WHAT THE TASK REQUIRES: A word-for-word copy of the listing, free of images, is the expected answer.

INFORMATION PROVIDED:
══════

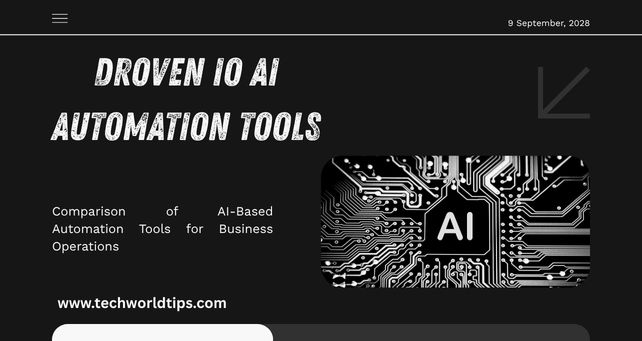 Droven.io AI Automation Tools: Free or Scam? (2026)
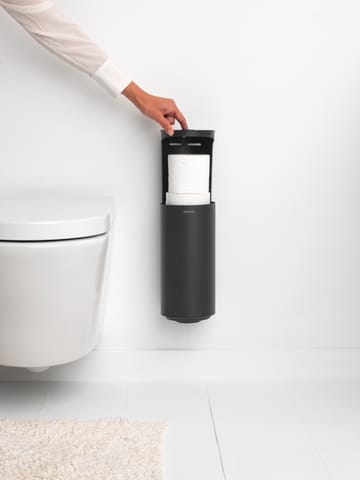 Porta-rolos MindSet - Mineral Infinite Grey - Brabantia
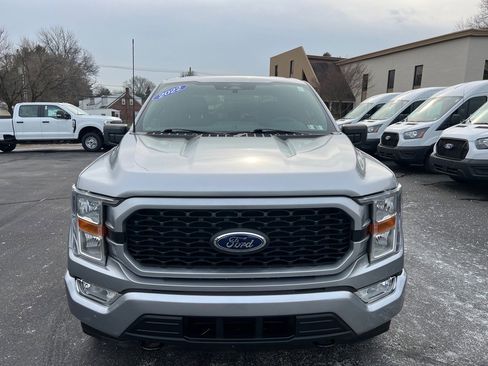 Used 2022 Ford F150 XL w/ STX Appearance Package image 2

══════

YOUR RESPONSE:
 Droven.io AI Automation Tools: Free or Scam? (2026)
 Porta-rolos MindSet - Mineral Infinite Grey - Brabantia
 Used 2022 Ford F150 XL w/ STX Appearance Package image 2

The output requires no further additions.